### WHAT YOU ARE ASKED TO DO
Copy exactly the lines of the material below that fall between the line with "Portrait Rapproché Grand" and the line with "Organic Weed Killer, Fertilizer", both of those lines included; pictures stay out.

───── DATA FOR REVIEW

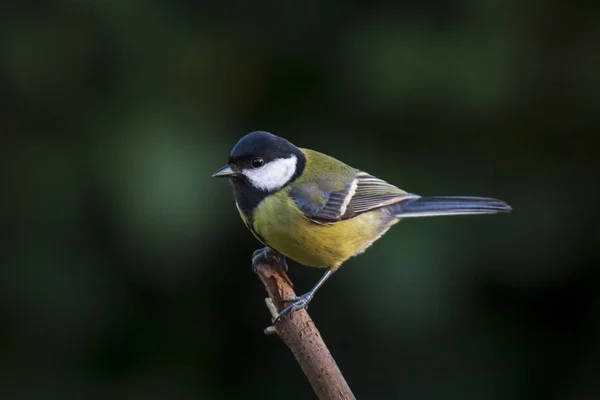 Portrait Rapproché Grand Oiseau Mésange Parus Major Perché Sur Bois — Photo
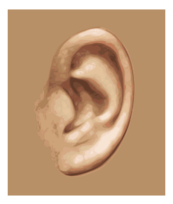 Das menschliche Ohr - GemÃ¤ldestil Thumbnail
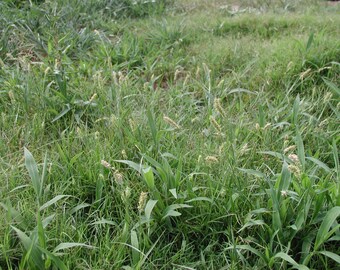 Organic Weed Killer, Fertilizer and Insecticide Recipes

──────────
───── DATA FOR REVIEW

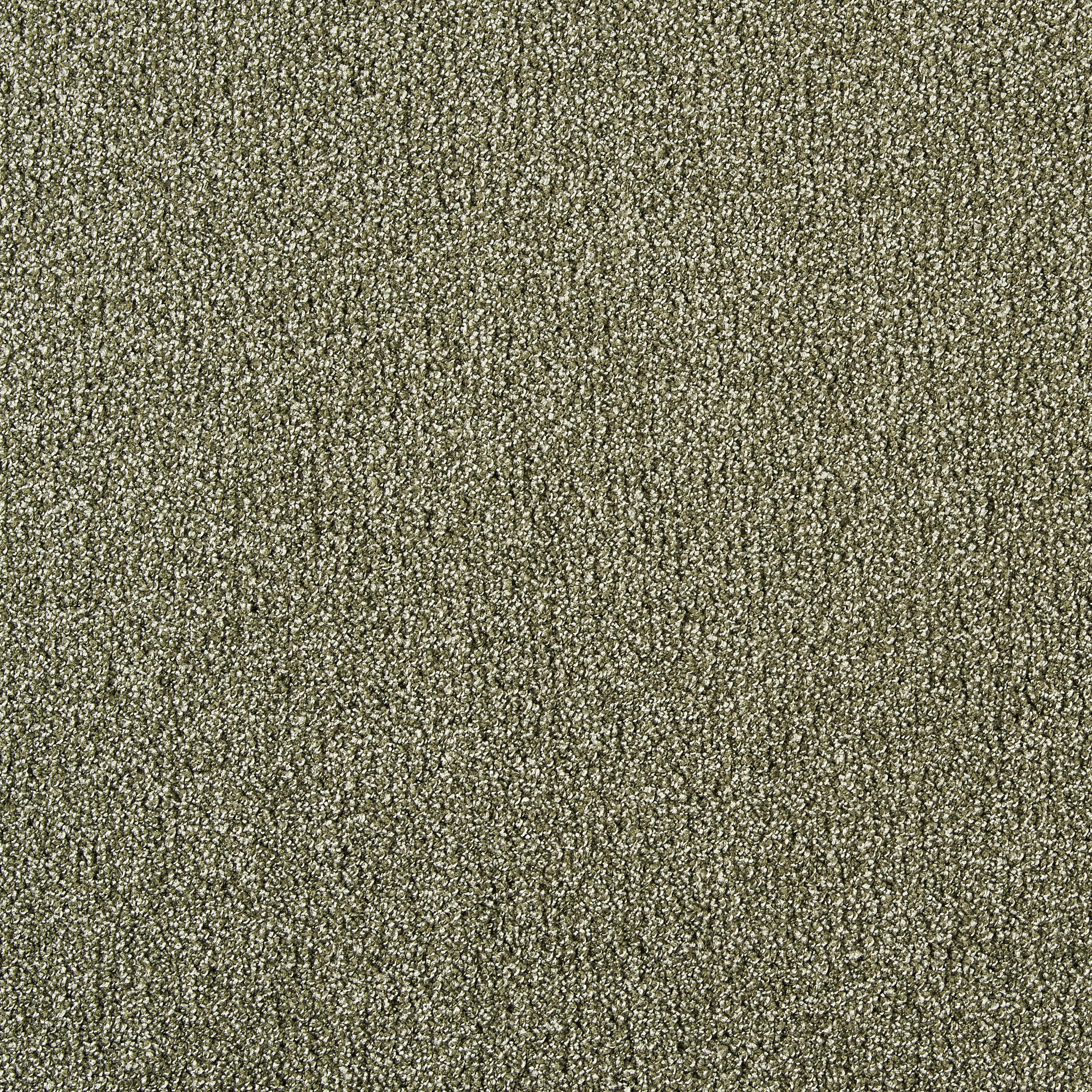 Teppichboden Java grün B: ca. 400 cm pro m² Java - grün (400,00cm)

──────────
───── DATA FOR REVIEW

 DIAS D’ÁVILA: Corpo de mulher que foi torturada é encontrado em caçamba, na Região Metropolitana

──────────

### RESPONSE TO THE TASK
 Portrait Rapproché Grand Oiseau Mésange Parus Major Perché Sur Bois — Photo
 Das menschliche Ohr - GemÃ¤ldestil Thumbnail
 Organic Weed Killer, Fertilizer and Insecticide Recipes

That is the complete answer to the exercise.